Neon Engine

Neon is a comprehensive multiplatform graphics engine engineered from the ground up using C++20 and Vulkan. Unlike generic rendering frameworks, Neon provides a robust, type-safe API designed for scalability, capable of handling scenes with millions of instances where traditional engines falter.

It bridges the gap between low-level GPU control and high-level application logic, featuring a custom Entity-Component-System (ECS) optimized for spatial locality, a fully asynchronous asset management pipeline, and an intelligent render path that prioritizes geometry instancing.

Core Features

:: Vulkan-First Architecture

Built strictly on Vulkan to leverage modern GPU features. It abstracts the complexity of synchronization and memory barriers while keeping the performance benefits of low-level access.

:: Smart Instancing

A core rendering philosophy based on Geometry Instancing. Neon automatically manages instance memory, uploading only the smallest range of modified data to the GPU to minimize bandwidth usage.

:: Clustered Memory ECS

Implements ClusteredLinkedCollection, a custom data structure that ensures components are contiguous in memory while allowing dynamic expansion via linked memory blocks.

:: Runtime Shader compilation

Includes an integrated compiler stack (glslang & SPIRV-Tools) allowing developers to write, modify, and compile GLSL shaders to SPIR-V at runtime without external tools.

:: Integrated ImGUI Editor

Features a fully functional, dockable editor built using ImGUI. Includes a live scene graph, entity inspector, and real-time property modification for rapid prototyping and debugging.

:: Async Task System

A custom TaskRunner and thread pool system that offloads heavy operations (like model loading) to background threads, ensuring zero stalls on the main render thread.

The Tech Stack

Neon’s stack was selected to maximize modern C++ features and maintain low-level control over the hardware.

Component	Technology	Reasoning
Language	C++20	Utilizing Concepts, Ranges, and Smart Pointers for safety.
Graphics	Vulkan 1.3	For Bindless Descriptors and Mesh Shader support.
Shaders	GLSL -> SPIR-V	Can be compile online or offline.
Math	Rush (Custom)	Written from scratch for specific SIMD optimizations.
Build	CMake & Vcpkg	For cross-platform dependency management.

Technical Architecture

Neon’s architecture is defined by its modular lifecycle and strict memory management strategies.

1. Memory Management: The `ClusteredLinkedCollection`

Standard std::vector implementations suffer from pointer invalidation upon resizing. Neon solves this with ClusteredLinkedCollection, a hybrid structure composed of linked fixed-size memory blocks.

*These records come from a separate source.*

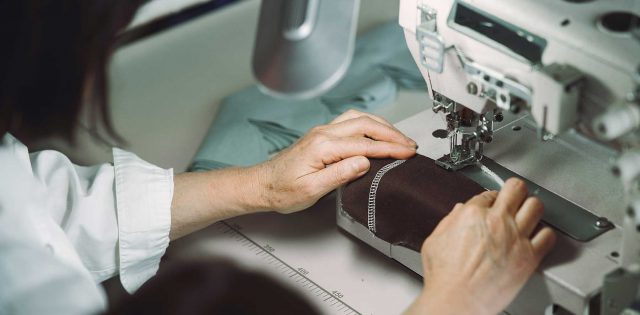 mulher costurando uma etiqueta em uma peça de roupas, seguindo as diretrizes de etiquetagem têxtil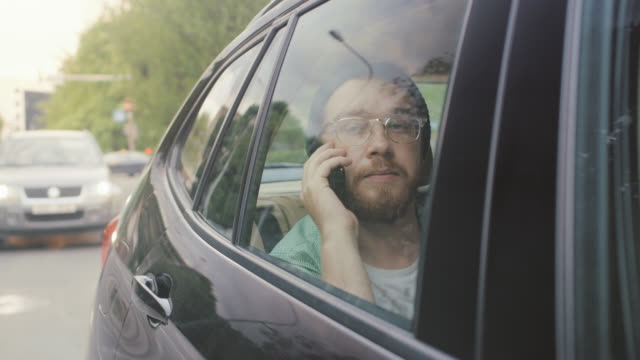 Handsome-Young-Man-Riding-on-a-Passenger-Seat-of-a-Car-Makes-a-Phone-Call,-Talks-with-Clients,-Customers-and-Business-Associates.-Camera-Shot-from-Outside-the-Vehicle.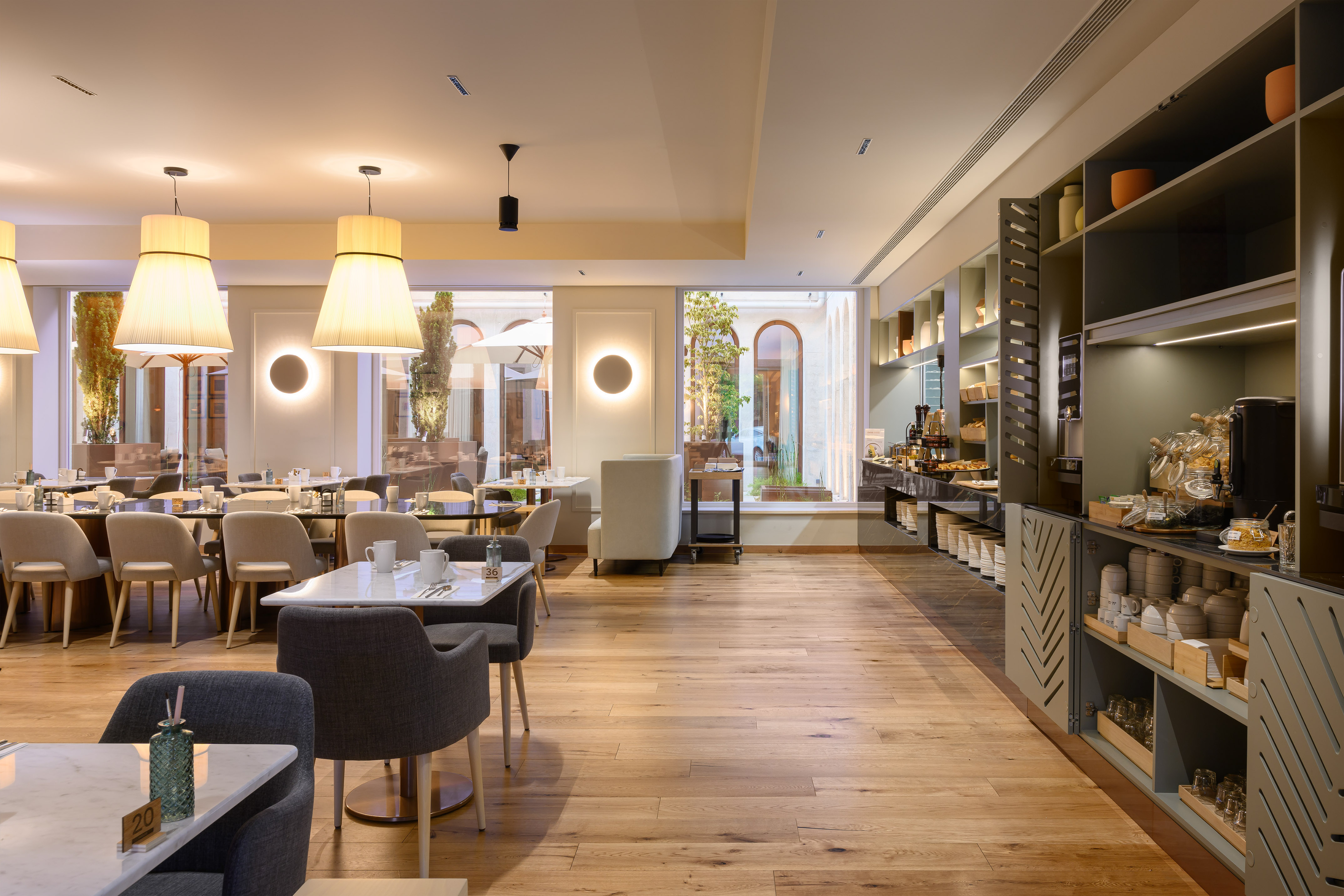 Modern restaurant with breakfast buffet, stylish seating, and courtyard view.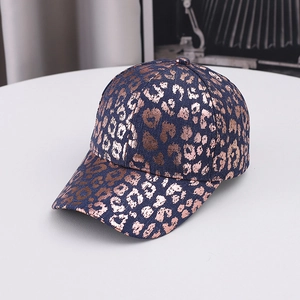 Fashionable navy blue baseball cap featuring rose gold leopard print and metal foil finish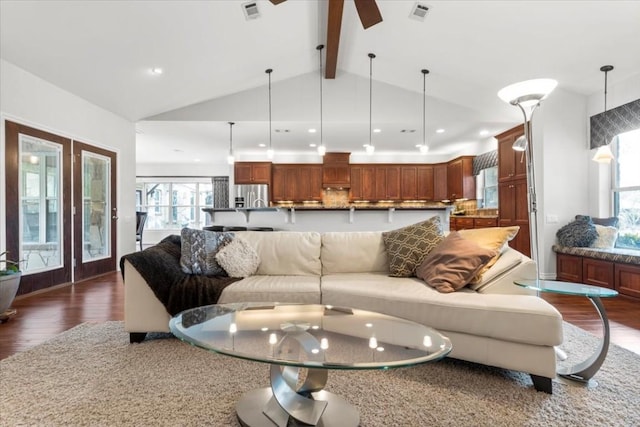 living room featuring vaulted ceiling with beams and dark hardwood / wood-style floors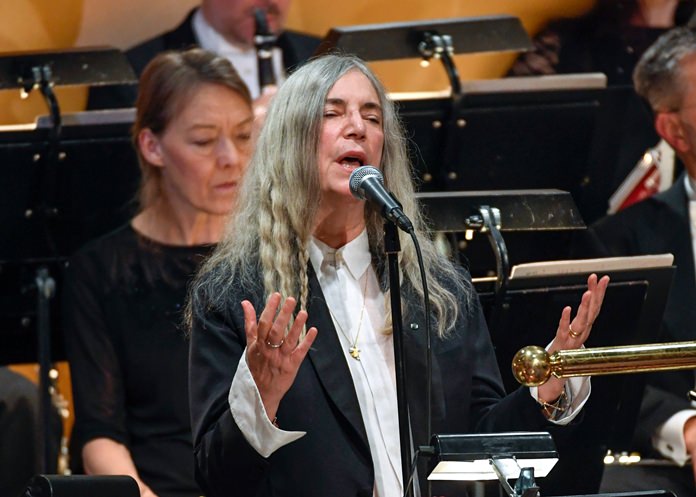 In this Saturday, Dec. 10, 2016 file photo, US singer Patti Smith performs “A Hard Rain’s A-Gonna Fall” by absent 2016 Nobel literature laureate Bob Dylan during the 2016 Nobel prize award ceremony at the Stockholm Concert Hall in Sweden. (AP Photo)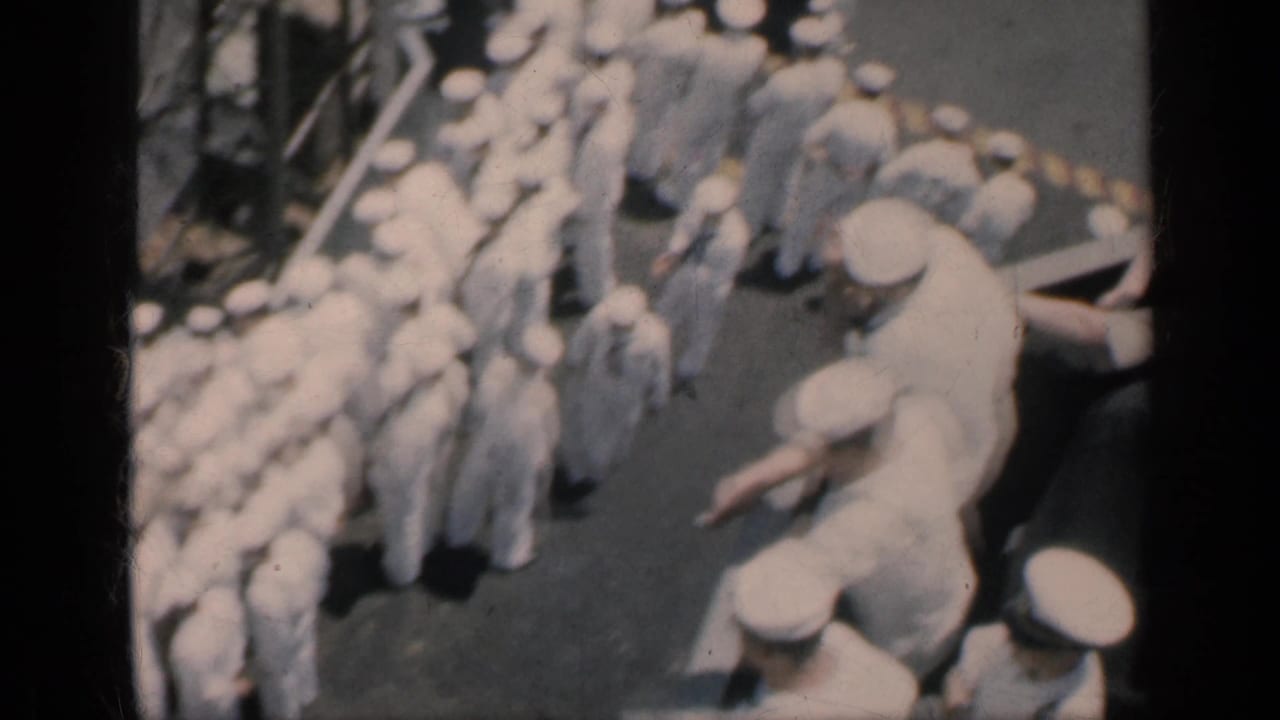 Sailors in white uniforms gathered closely on a ship deck.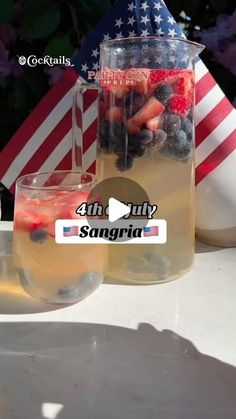 a pitcher filled with fruit sitting on top of a table next to two glasses and an american flag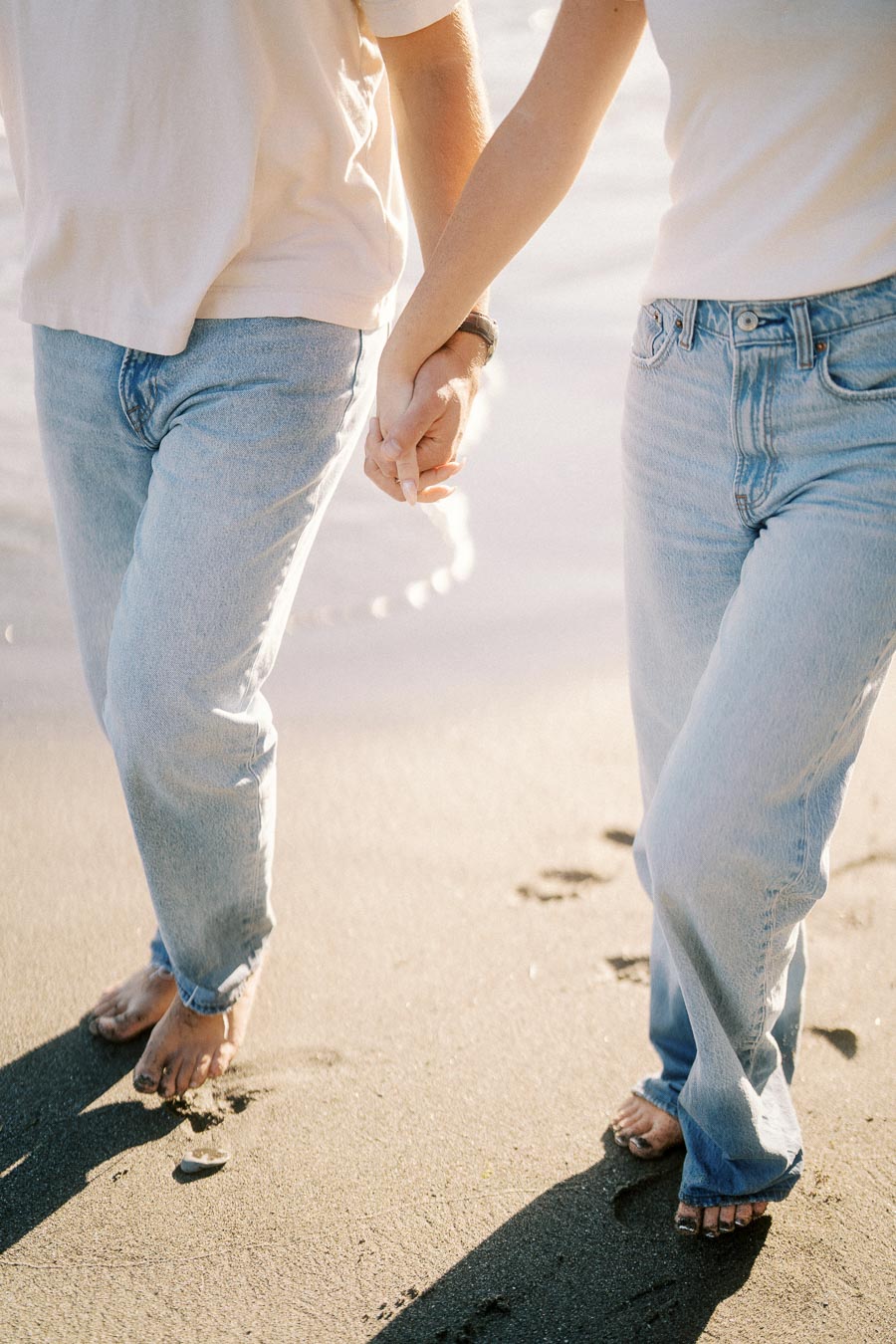 A couple holding hands while walking barefoot on a sandy beach, wearing casual light blue jeans and white shirts, with gentle waves in the background.
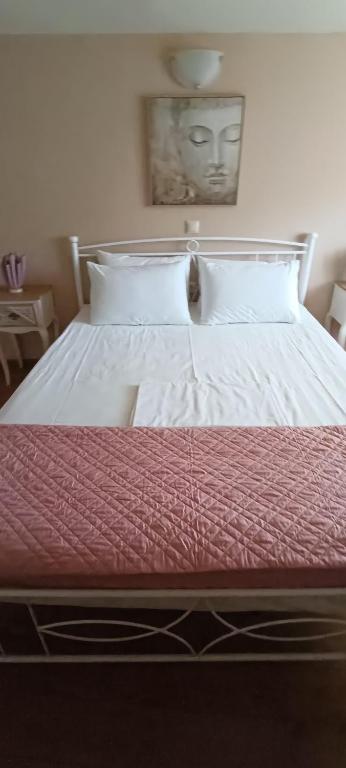A bed or beds in a room at Arhontiko Katerina Spili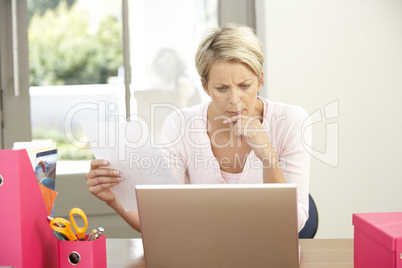 Woman Using Laptop At Home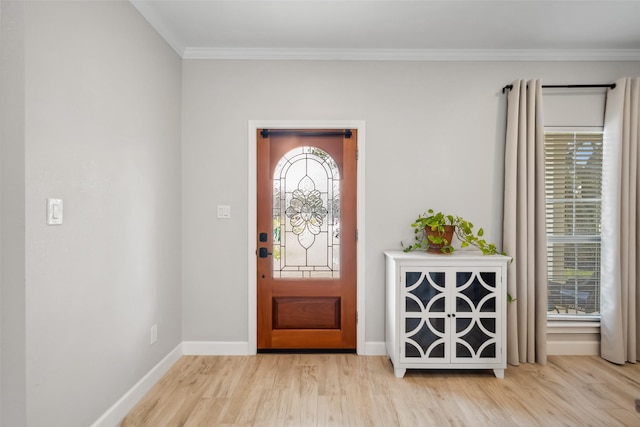 foyer entrance featuring crown molding, baseboards, and wood finished floors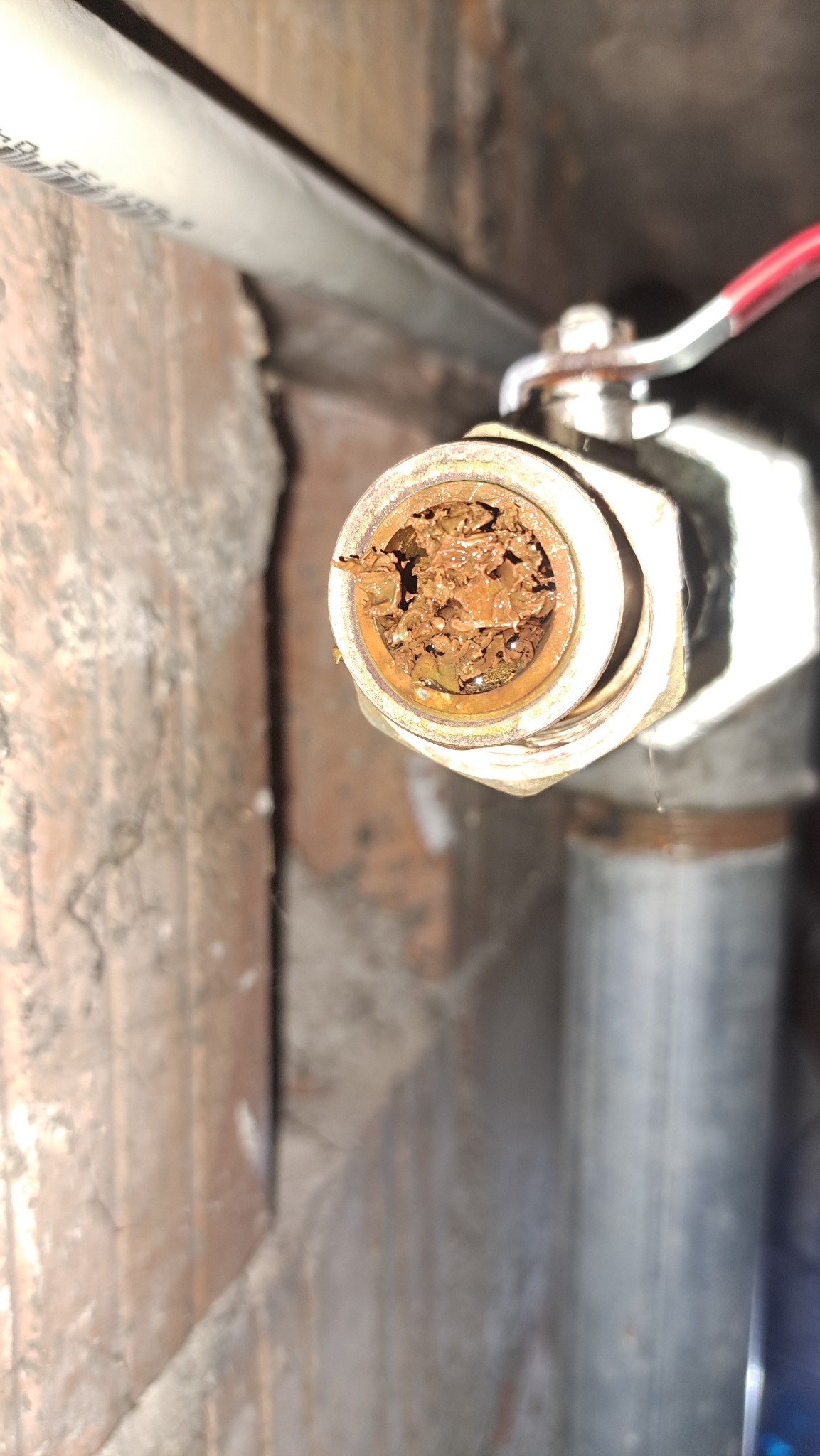 Zardzewiały zawór odcinający z widocznym osadem i korozją wewnątrz, zamontowany przy ścianie z cegieł. Widoczny fragment rury i instalacji.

Spatial Locality: Elements within a block are contiguous, maximizing CPU cache hits during iteration.
Pointer Stability: Memory addresses remain valid throughout the object’s lifecycle, allowing safe referencing between components.
Lifecycle Optimization: The engine uses a template-based structure, ComponentImplementedEvents, to detect at compile-time which lifecycle methods (e.g., onUpdate, onLateUpdate) a component overrides, avoiding unnecessary virtual calls during the loop.

2. The Rendering Pipeline

Neon is designed around Instancing. When an object requests a model, it reserves a small memory space within the model’s instance buffer. The engine tracks changes and, during the draw phase, uploads only the modified memory regions to the GPU. This allows rendering scenes with 13+ million active particles with a performance up to 5x higher than equivalent OpenGL implementations.

Performance Benchmarks

▲ Visualization of a brain's activity using ViSimpl with Neon as a backend

To validate the engine’s architecture, Neon was integrated into ViSimpl, a neuroscience visualization tool, replacing its legacy OpenGL engine.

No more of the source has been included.